Maintaining and boosting competitiveness was behind the acquisition of the MKB insurance companies, CIG Pannónia says.
At first glance it didnʼt look like the deal of the century. MKB Bankʼs life and asset insurance portfolio generated hundreds of millions of losses last year. And yet, CIG Pannónia decided to acquire its competitors from owner Versicherungskammer Bayern.
“We had to realize that the scope of organic development is limited on todayʼs market; the acquisition definitely served the purposes of competitiveness,” says Dr. Gabriella Kádár, CEO of CIG Pannónia Életbiztosító Nyrt. “After a change of strategy in 2014, we did start going down the path towards competitiveness, but the acquisition embodies the sort of the leap that paves the way for a new kind growth.”
CIG entered the market back in 2007 with the intention to become a leading player. However, in 2014 a change of course led to a concept that focused instead on strengthening a mid-sized market position. A streamlined operation and intensified activity aimed at securing more clients and revenue helped ensure CIG was running a profitable operation.
Some analysts now fear that the large numbers of auto liability and home insurance policies that came with the deal may jeopardize this hard-won effectiveness. But Kádár is confident that the company can handle it.
“Our ultimate task is to run a profitable asset insurance segment, so any necessary measures from profile cleansing to re-pricing will be subject to this requirement,” she says. “It would be premature to reveal any specifics as to how this process would be implemented, but what is certain is that sustainable owner profits remain the top priority.”
The deal shortcuts what would have been years of hard work through organic growth, as CIGʼs asset segment will double as a result. On the other hand, the MKB insurance companiesʼ cost level provides favorable synergy options. More importantly, MKB itself will become a major sales partner in the area of life insurance.
“We already have great business relations with banks, but a step like this can add a sheer volume of growth to sales in the banking channel,” the CIG CEO adds. “Up till now we have been working on the development of our network and have found independent sales partners; however, the banking sector opens up whole new opportunities.” It was also a major factor that MKB is the only big bank in Hungary that had not committed itself towards any insurer, except, of course, for the MKB insurance entities that were up for sale.
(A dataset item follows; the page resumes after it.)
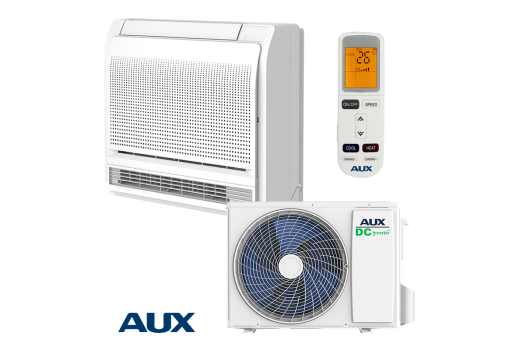 Инверторен климатик AUX AUCO-H18/4R3B + AL-H18/NDR3HB2(U) - подово тяло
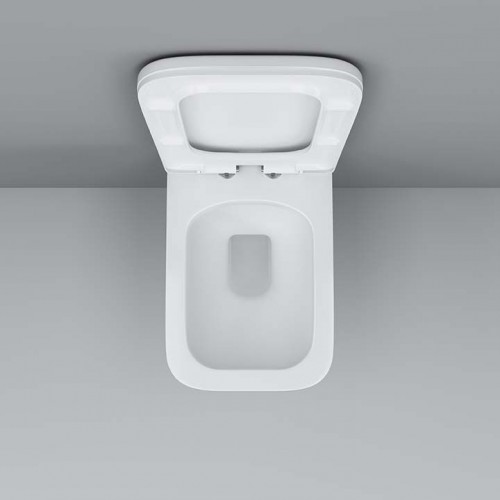 Комплект Инсталляция Grohe Rapid SL 4 в 1 с кнопкой смыва + Унитаз Am.Pm Tender и микролифтом + Держатель туалетной бумаги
Part of the reasoning behind the acquisition-related effort is to reach an elevated level of differentiation. CIG plans to introduce new innovative products that tap into the opportunities presented by smart solutions.
The purchase price has not been disclosed, but experts suspect it must have been attractive to make the deal work. The total revenues of CIG and MKB from last year totaled some HUF 27 billion, which would have secured 11th place in the market ranking.
“We are not obsessed with crawling upwards in terms of ranking, but we do want to solidify our position, and we will certainly keep our eyes open for more potential acquisition targets,” Kádár says.